Después de haber estudiado 42 preguntas de este catecismo, nos queda claro que no hay nada ni nadie que pueda darnos la salvación, solo Jesús. Es simple, nadie es lo suficientemente bueno o perfecto para salvarnos, ni siquiera nosotras mismas. Espero que por la gracia de Dios a través de la fe, creas en esta poderosa verdad. Pero, ahora que somos salvas, ¿qué sigue? ¿Cristo murió en la cruz por nosotras y ya? La magnífica respuesta es ¡no! Cuando Cristo nos salva, somos sepultadas con Él. Esto quiere decir que nuestro viejo yo, el que anhelaba el pecado, muere con Él y Cristo nos viste con nuevos deseos. Cuando creemos en Jesús, nuestra antigua naturaleza cambia por medio del poder del Espíritu Santo en un proceso llamado santificación. Déjame explicarte este proceso a través del concepto bíblico de adopción.

Dios, por su gracia y siendo Jesús el canal, nos adopta siendo pobres, pecaminosas, orgullosas, arrogantes, mezquinas, sucias…sin nada que ofrecerle. Pero por la fe, cuando somos adoptadas, Jesús nos da ropa nueva y limpia, nos viste de su justicia. Además, nos da al Espíritu Santo, un sello que demuestra que ahora somos legalmente suyas. Poco a poco, a medida que pasamos tiempo con Él, comenzamos a comprender la profundidad de su amor por nosotras. Como hemos sido legalmente adoptadas, no hay nada que nos deje fuera de su familia. Tampoco existe algo que podamos hacer para complacerlo de más. Dios ya nos ha dado todo. La adopción nos permite amarlo como nuestro Padre amado. Este amor nos permite obedecerle en la libertad que tenemos como hijas para siempre. La obediencia no nos hace suyas, la adopción a través de Cristo sí. La obediencia y la nueva naturaleza que nos es daday que busca glorificar a Dios son simplemente los frutos de ser parte de su familia para siempre. Ese fruto que viene por adopción también se conoce como santificación y básicamente es el proceso a través del cual nos parecemos más y más a Cristo. ¡Tiene sentido! Una vez que formamos parte de su familia, ¡adoptamos rasgos de comportamiento! Obedecemos, seguimos y confiamos porque Él ya nos ha demostrado que nos ama al habernos dado todo. El costo de la gracia de Dios es tan poderoso que nos salva y nos transforma. No puede ser barato nipermisivo porque el costo que Cristo pagó por nuestras vidas es demasiado valioso, demasiado grande, magnánimo.
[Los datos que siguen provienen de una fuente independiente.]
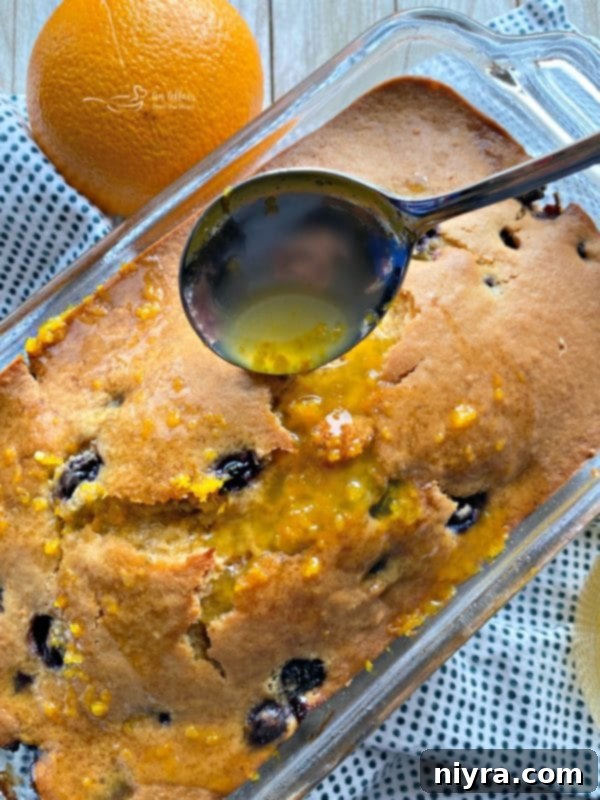 Zesty Orange Blueberry Loaf 9 Blueberry Orange Bread with a glistening honey-orange glaze being poured over it.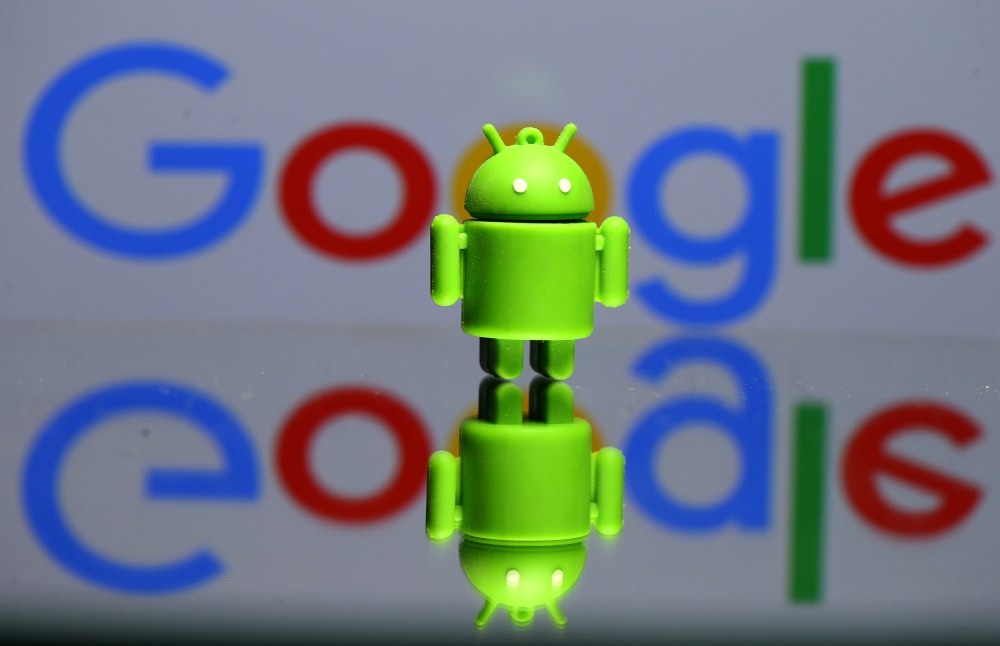 A 3D printed Android mascot, Bugdroid, seen in front of a Google logo in this illustration taken July 9, 2017. (REUTERS/Dado Ruvic/Illustration/File Photo)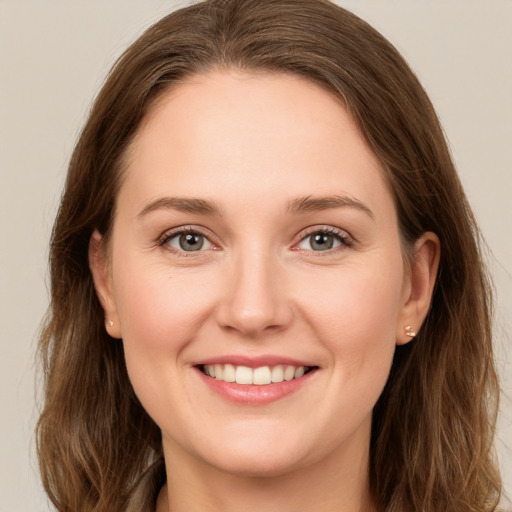 Joyful white young-adult female with long  brown hair and grey eyes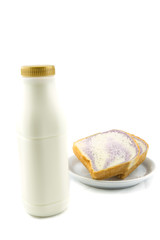 bottle of milk and sliced bread on white background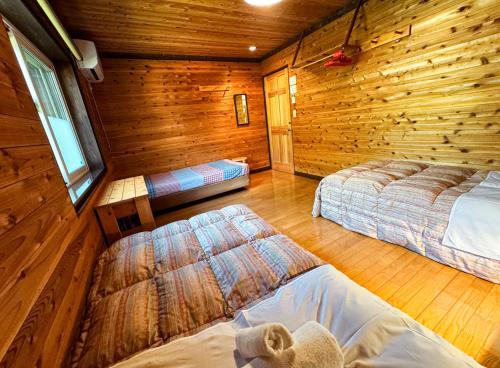 a bedroom with two beds in a log cabin at Ringo Lodge Hakuba in Hakuba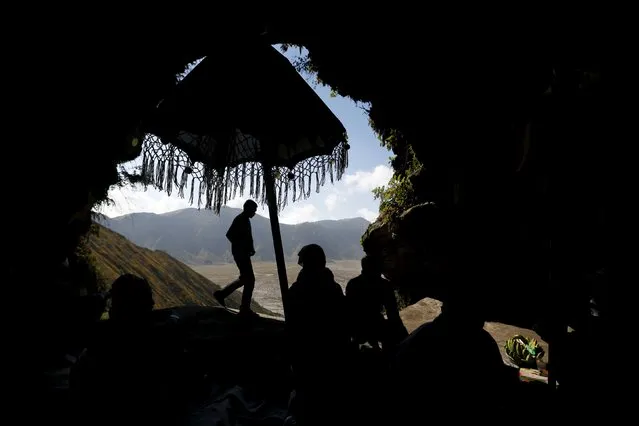 Hindu villagers pray inside a cave ahead of the annual Kasada festival at Mount Bromo in Indonesia's East Java province, July 30, 2015. (Photo by Reuters/Beawiharta)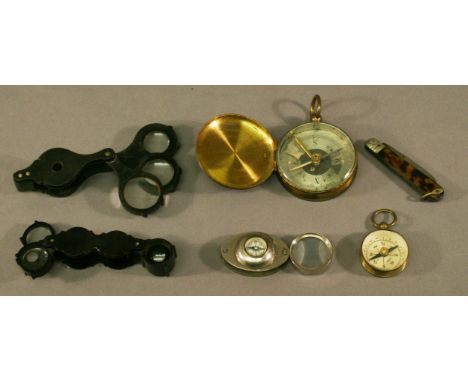 A GROUP OF THREE JEWELLERY LOUPES one with compass to the body, together with two pocket compasses and a pocket knife. (6) CO
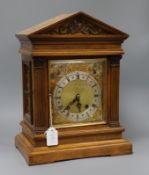 An Edwardian walnut mantel clock height 41cm
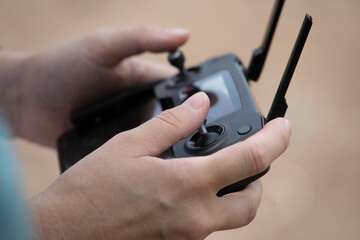 Close up of young woman's elegant hands on drone remote controller against a neutral and out of focus background.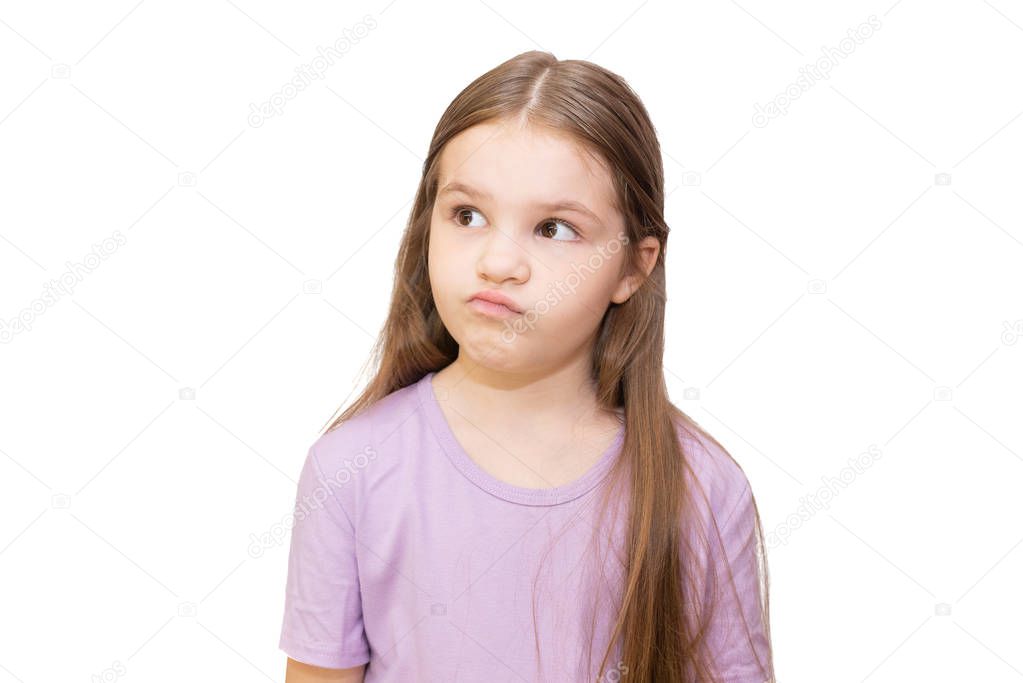 Little girl is skeptical looking up. Isolated on a white background.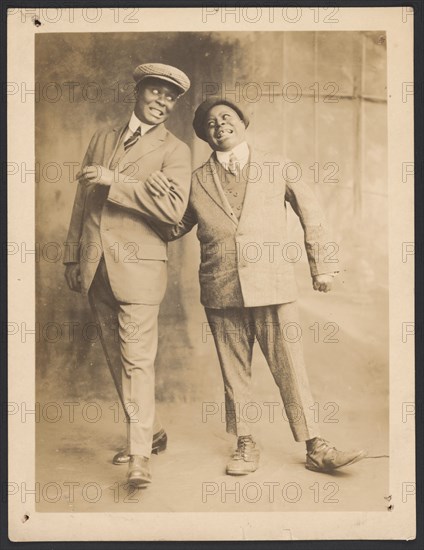 Photograph of two men linking arms, 1910s - 1920s. Creator: The Bell Studio.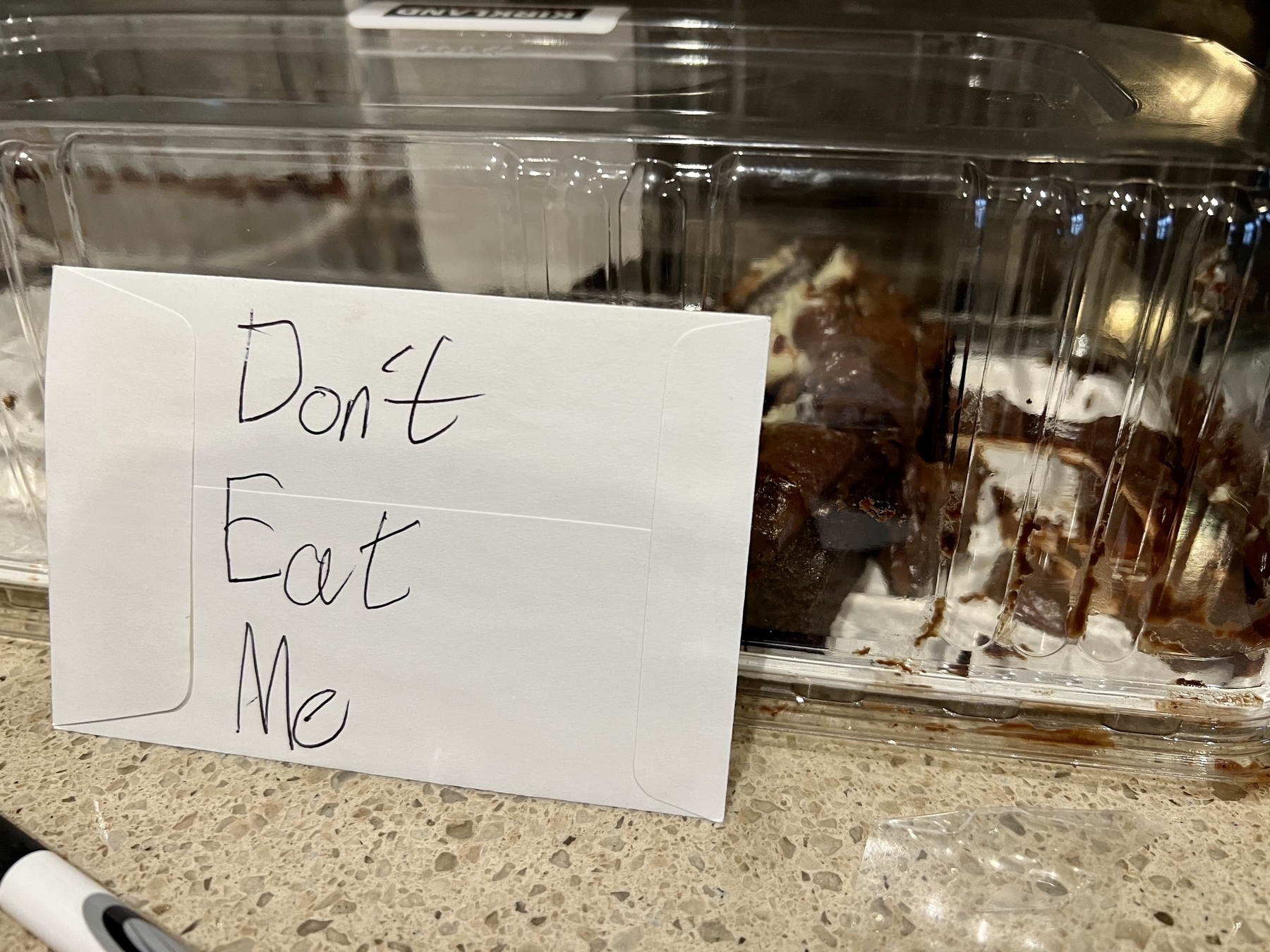 A sign reading “don’t eat me” in front of a piece of cake in a package on a kitchen counter. 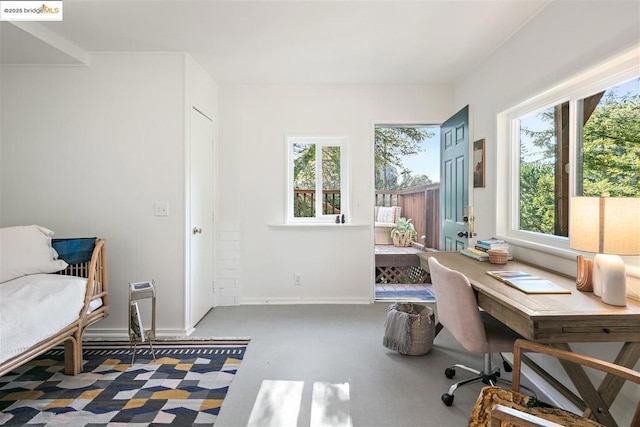 office area with plenty of natural light and concrete floors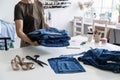 Denim Upcycling Ideas, Using Old Jeans, Repurposing Jeans, Reusing Old Jeans, Upcycle Stuff. Woman seamstress holding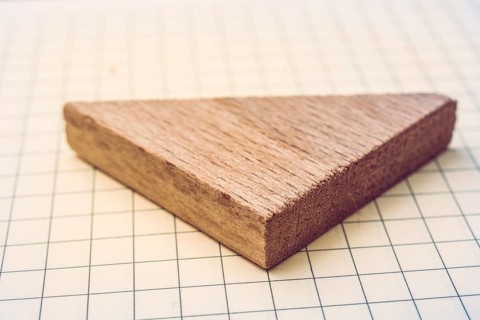 Piece of wood in the shpae of a triangle on paper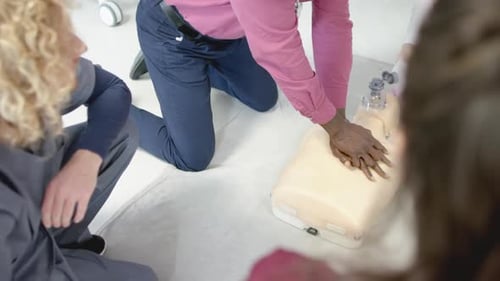 African american doctor training trainee doctors in emergency cpr procedure using dummy, slow motion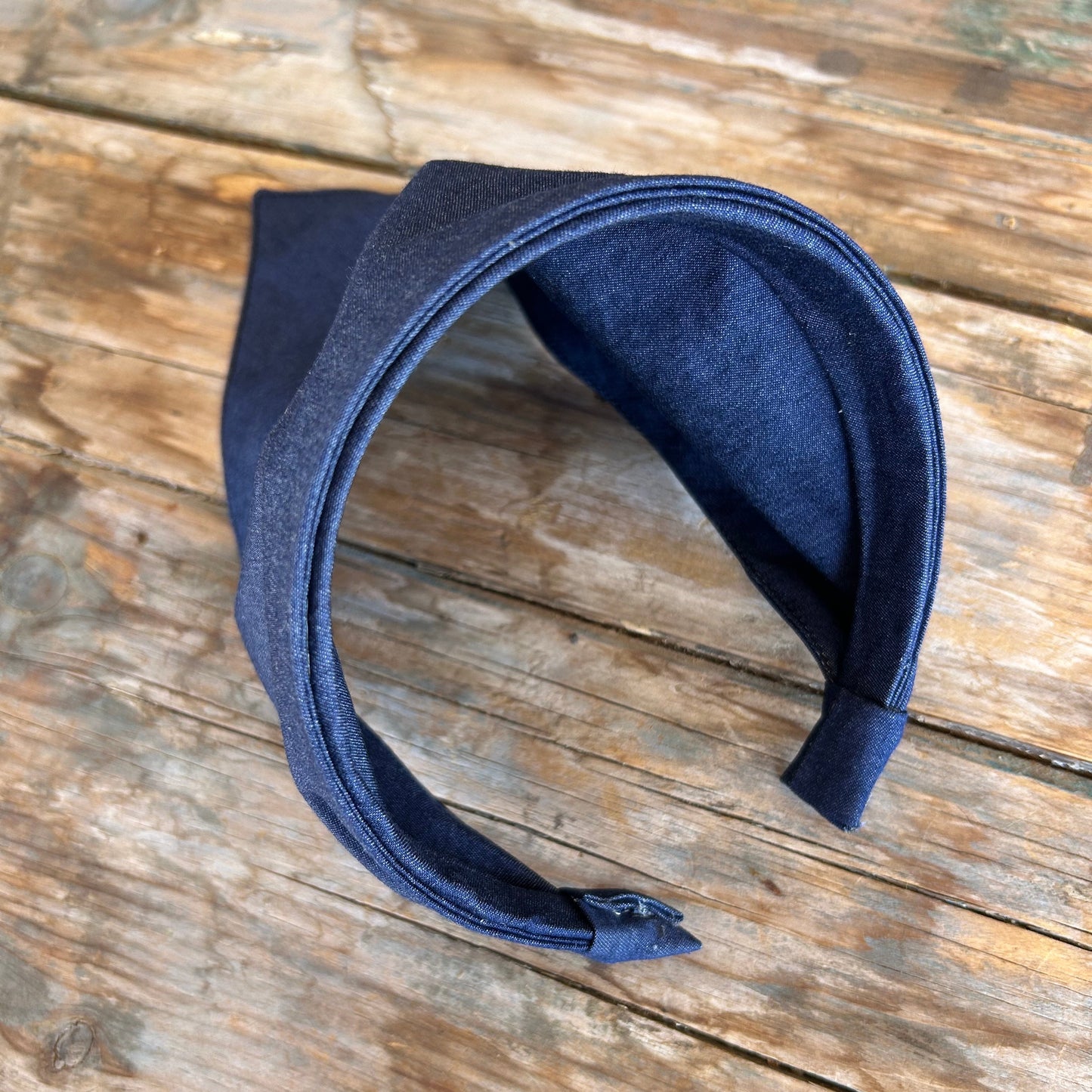 Navy blue headband on a wooden surface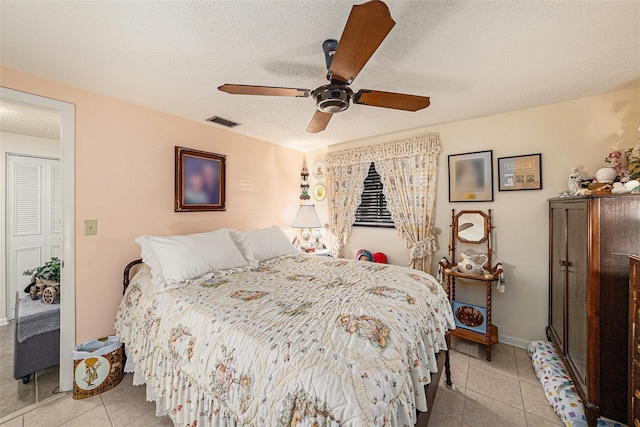 616 Highview Cir S, Brandon, FL 33510 - bedroom featuring light tile patterned floors, a ceiling fan, and a textured ceiling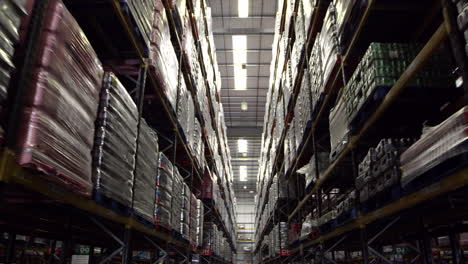 Moving-along-an-aisle-in-a-storage-warehouse,-shot-on-R3D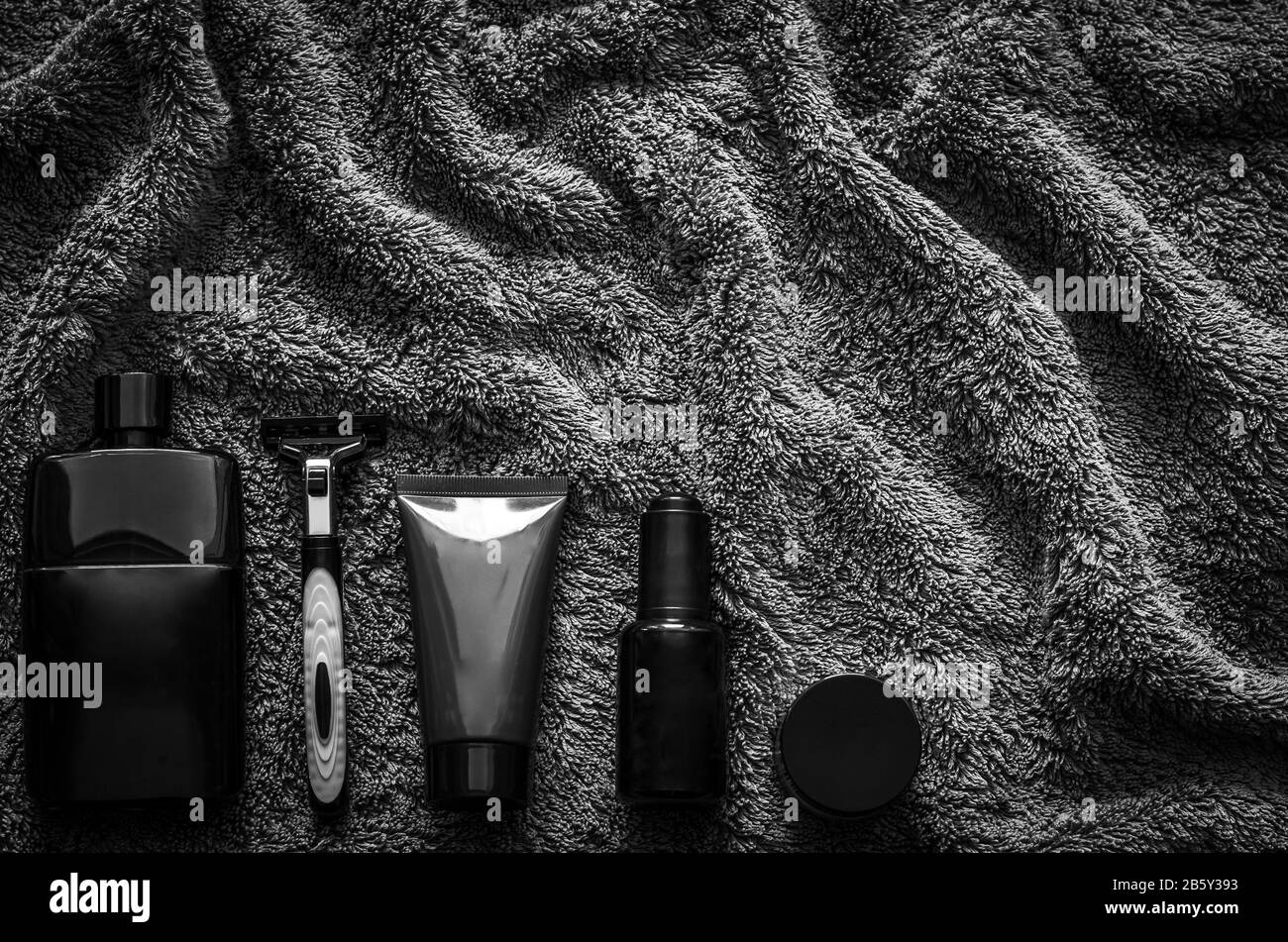 Men toiletries in modern lifestyle on dark towel background for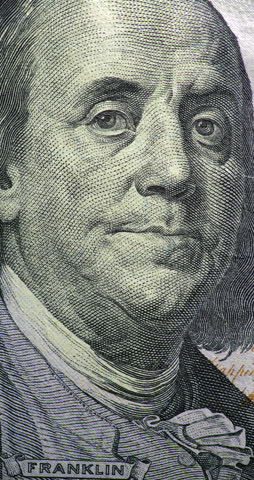 Changing 100 dollar bill with Franklin portrait stop motion. Benjamin Franklin portrait shifts across changing 100 dollar bill views in stop motion.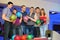 Six friends stand and holds balls for bowling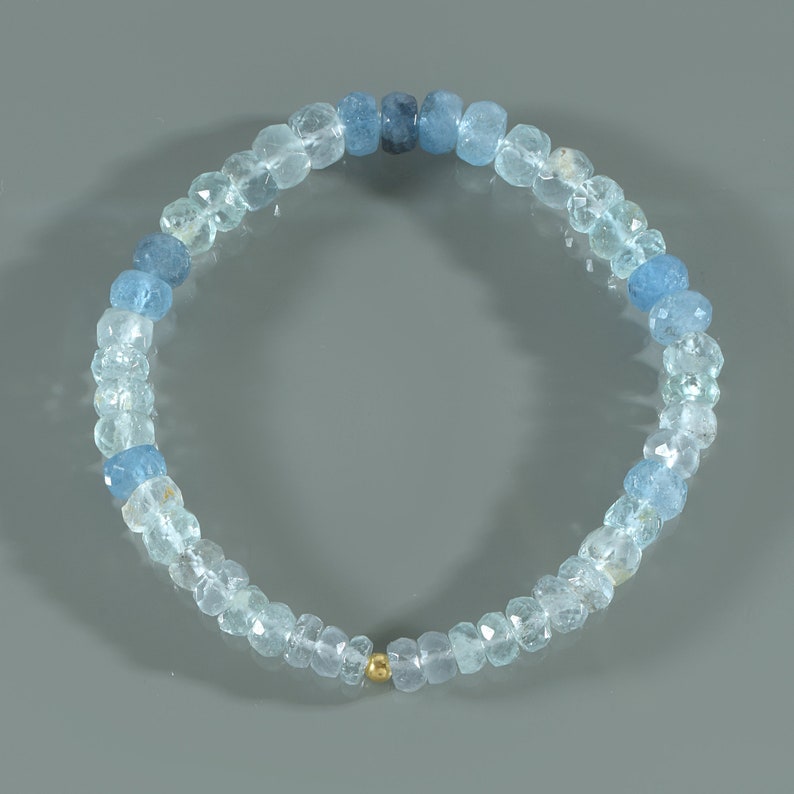 May include: A light blue aquamarine gemstone bracelet with a gold bead accent. The bracelet is made of round beads that are graduated in size, with the larger beads at the center of the bracelet.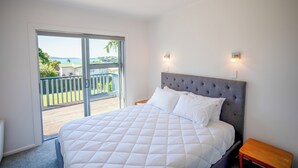 A bedroom with a large bed, a balcony, and a view of the outdoors. - Snells Beach Family Retreat — Walk to Shops & Beach (Snells Beach)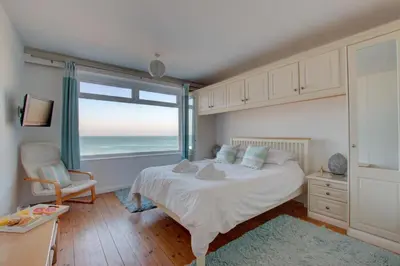 a bedroom with a bed with a view of the ocean at 2 Bed in St Ives oc-bpp03 in St Ives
Dietrich Bonhoeffer lo explica aún mejor. Él nos dice que la gracia barata se representa como el tesoro inagotable de la Iglesia, desde el cual ella derrama bendiciones con manos generosas sin hacer preguntas ni fijar límites. Una gracia sin precio, ¡sin costo! La esencia de la gracia, suponemos, es que la cuenta se ha pagado por adelantado, por lo tanto, se pueden obtener los beneficios por nada, sin ningún compromiso. Como el pago es infinito, las posibilidades de sacarle provecho también son infinitas. Así, la gracia barata se convierte en la predicación del perdón sin requerir arrepentimiento, en ser bautizados sin ser disciplinados por la iglesia, en tener comunión sin confesión y en la absolución sin confesión personal. La gracia barata es la gracia sin discipulado, la gracia sin la cruz, la gracia sin Jesucristo vivo y encarnado. Por otro lado, la gracia costosa es el Evangelio que debe buscarse una y otra vez, el don que debe pedirse, la puerta a la que un hombre debe llamar. Tal gracia es costosa porque nos llama a seguir, a comprometernos, y es gracia porque nos llama a seguir a Jesucristo vivo y encarnado. Es costosa porque le cuesta a un hombre su vida, y es gracia porque le da al hombre la única vida verdadera y eterna. Es costosa porque condena el pecado y es gracia porque justifica al pecador. Sobre todo, es costosa porque le costó a Dios la vida de su Hijo, así que fuimos comprados a un precio, y lo que le ha costado a Dios no puede ser barato para nosotros. Sobre todo, es gracia porque Dios no estimó a su Hijo a un precio demasiado caro para pagar por nuestra vida, sino que lo entregó por nosotros. La gracia costosa es la encarnación de Dios.

Oro para que podamos entender el costo de la gracia de Cristo y no nos conformemos con la gracia barata, no bíblica, centrada en nosotras mismas; esa gracia que este mundo caído quiere darnos.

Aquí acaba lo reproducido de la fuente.